Pengamat: PT Dorong Arogansi Partai Besar, Lebih Baik Dibatalkan

- detikNews
Senin, 20 Jan 2014 17:42 WIB
Pengamat: PT Dorong Arogansi Partai Besar, Lebih Baik Dibatalkan
Jakarta - Mahkamah Konstitusi (MK) akan mengetok palu pada Kamis 21 Januari untuk menentukan ketentuan Presidential Threshold (PT) yang digugat oleh Effendi Gazali. Gugatan serupa juga diajukan oleh Yusril Ihza Mahendra namun baru memasuki tahap pendahuluan.

Meski berbeda nomor gugatan, namun baik Effendi dan Yusril intinya sama-sama memohon kepada MK agar pelaksanaan pilpres dan pileg dilakukan secara serentak yang akan berdampak pada dihapuskannya ambang batas pemilihan presiden (presidential threshold).

"Kami mendesak MK untuk menghapus ketentuan PT yang terdapat di dalam UU Pilpres baik ketika pemilu dilakukan secara terpisah maupun serentak dengan alasan sebagai berikut," kata Direktur Eksekutif Constitutional & Electoral Reform Centre (CORRECT), Refly Harun, dalam siaran pers yang diterima detikcom, Senin (20/1/2014).

Menurut Refly, PT tidak sejalan dengan jiwa dan ketentuan dalam UUD 1945. PT selama ini hanya memunculkan arogansi partai besar, hubungan transaksional, serta digunakan untuk membatasi hak konstitusional warga negara untuk dicalonkan oleh parpol atau gabungan parpol sebagaimana diatur dalam Pasal 6A ayat 2 UUD 1945.
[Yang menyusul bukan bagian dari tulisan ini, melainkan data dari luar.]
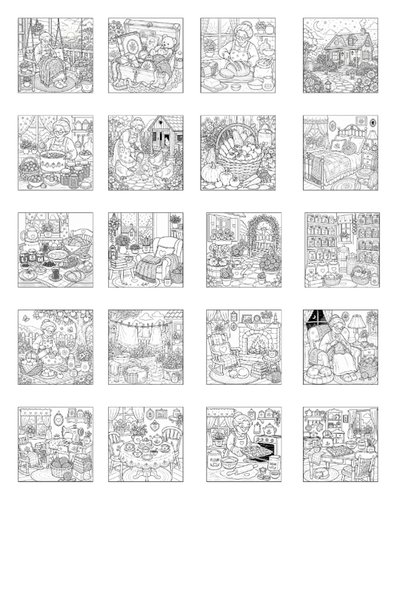 birikiyedi Grandma's House Coloring Book/Grandma-Grandmother-Grandma's House Themed Coloring Book for Adults and Children/(Bold & Easy)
Pilpres di Indonesia menggunakan sistem dua putaran (two round system). Pasangan calon bisa terpilih bila (a) memperoleh suara lebih dari 50 persen, (b) suara tersebar di lebih dari setengah jumlah provinsi dan di setiap provinsi tersebut suara yang diperoleh minimal 20 persen.

"Dengan demikian, tidak akan ada presiden yang terpilih dengan suara minoritas," ujar pria yang pernah membuka kongkalikong permainan perkara pilkada di MK itu.

Berdasarkan aturan, yang memilih presiden adalah rakyat, bukan parpol, sehingga suara rakyat yang dipentingkan, bukan suara parpol. Untuk itu, menurut Refly, sistem dua putaran menjamin bahwa presiden akan terpilih dengan suara mayoritas pemilih.

"Jumlah peserta Pileg 2014 hanya 12 parpol. Kalaupun semua parpol mengajukan calon, hanya akan ada 12 pasangan calon. Namun, CORRECT meyakini jumlah pasangan calon tidak akan sampai 12," cetusnya.

Refly menegaskan, penerapan PT tidak memiliki logika dalam sistem pemerintahan presidensial. Kalau soalnya adalah dukungan parlemen agar pemerintahan efektif, sesungguhnya koalisi tetap bisa dibangun ketika presiden sudah terpilih.

"Terbukti, Golkar, misalnya, baru bergabung dengan koalisi SBY-Boediono setelah kalah dalam pilpres," pungkasnya.